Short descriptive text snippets
********************

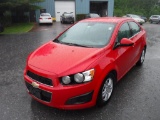 2013 Chevrolet Sonic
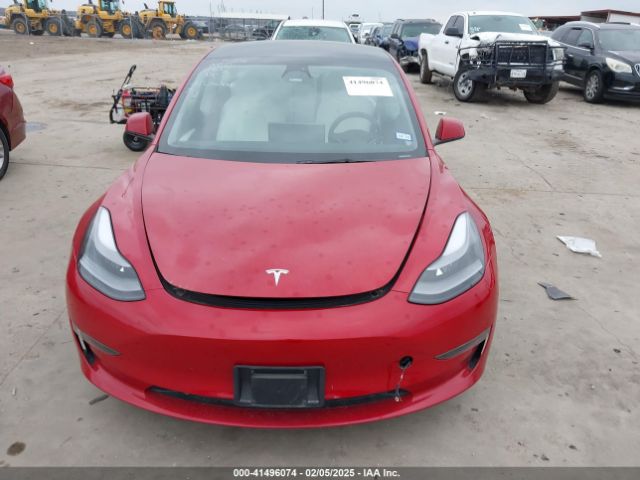 5YJ3E1EA4PF384642 Tesla Model 3 Rear-wheel Drive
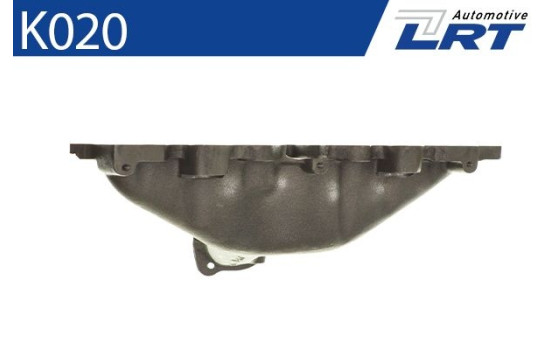 Manifold, exhaust system, Image 3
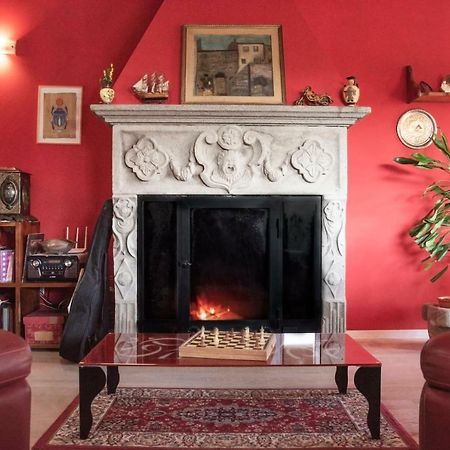 Villa Farfalla Bianca Vitorchiano Buitenkant foto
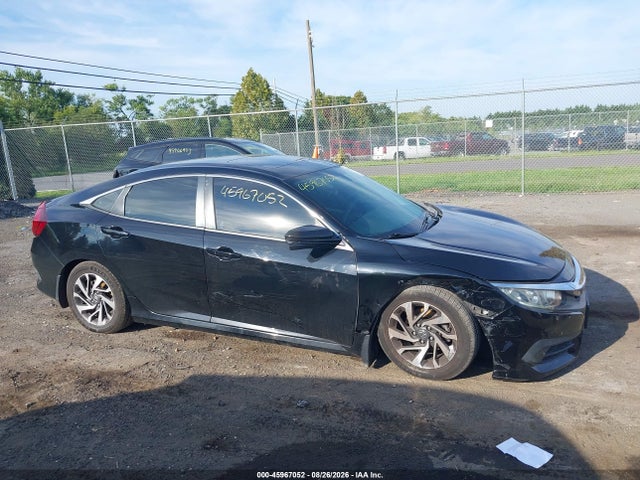 Продаж на аукціоні авто 2016 Honda Civic Ex, vin: 19XFC2F79GE042797, номер лоту: 45967052
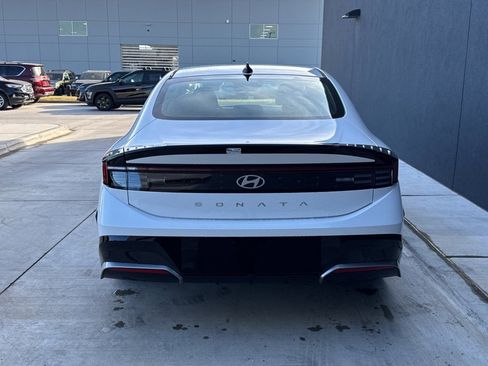 New 2026 Hyundai Sonata SEL image 21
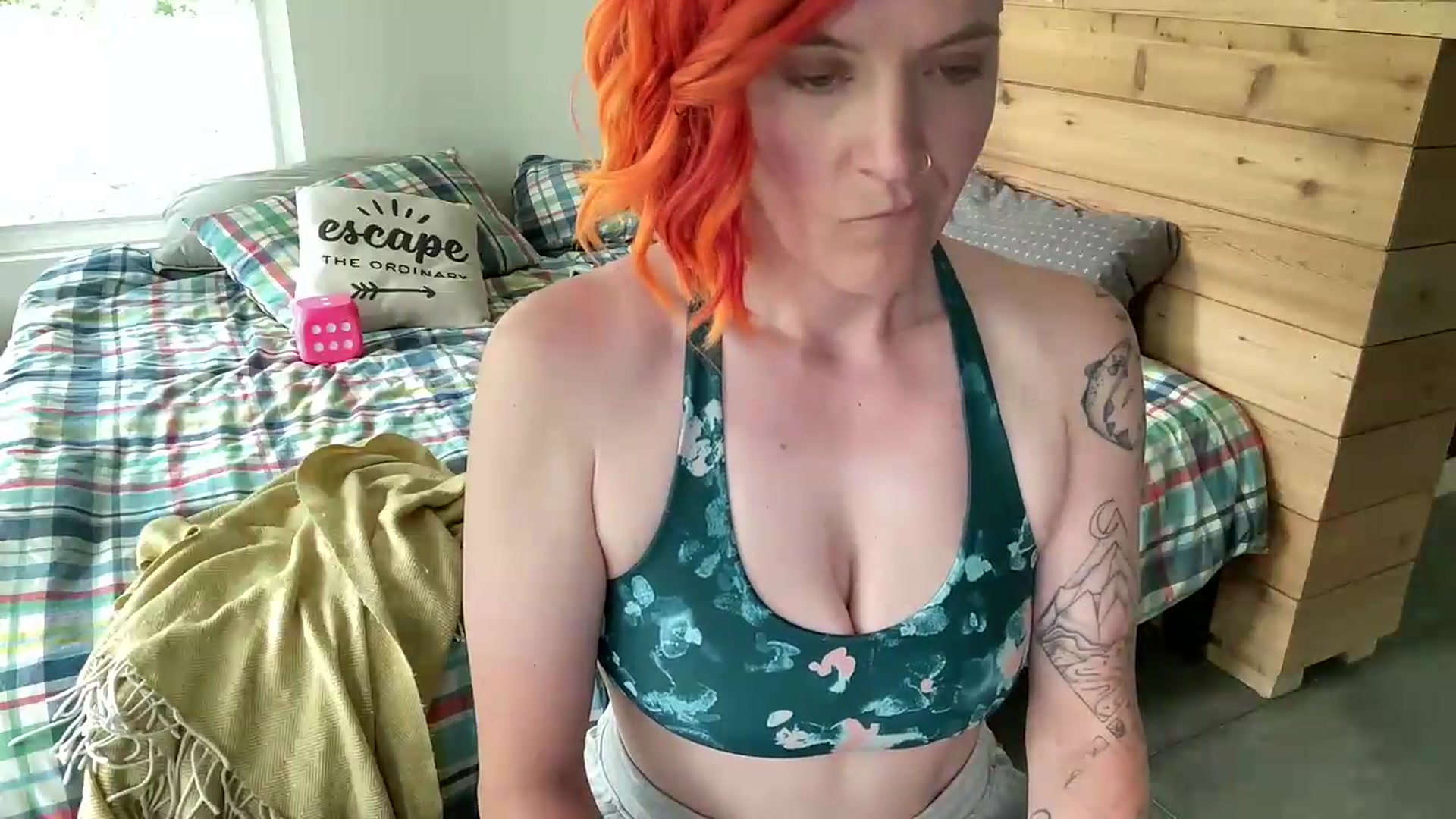 Gallery image thumbnail from PurrtyMetal's myfreecams stream on, 08/07/2026, 20:18 image 9 of 20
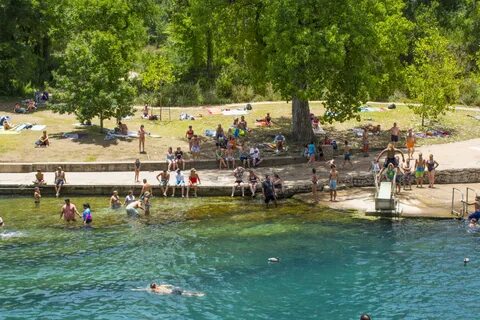 5 Magical Natural Springs in Texas Texas Heritage for Living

********************

▶ _About this task_
Your answer must be the exact lines from the records above, from the one containing "5YJ3E1EA4PF384642 Tesla Model" through the one containing "New 2026 Hyundai Sonata SEL image 21", both included, with every picture left out.

▶ _Task output_
 5YJ3E1EA4PF384642 Tesla Model 3 Rear-wheel Drive
 Manifold, exhaust system, Image 3
 Villa Farfalla Bianca Vitorchiano Buitenkant foto
 Продаж на аукціоні авто 2016 Honda Civic Ex, vin: 19XFC2F79GE042797, номер лоту: 45967052
 New 2026 Hyundai Sonata SEL image 21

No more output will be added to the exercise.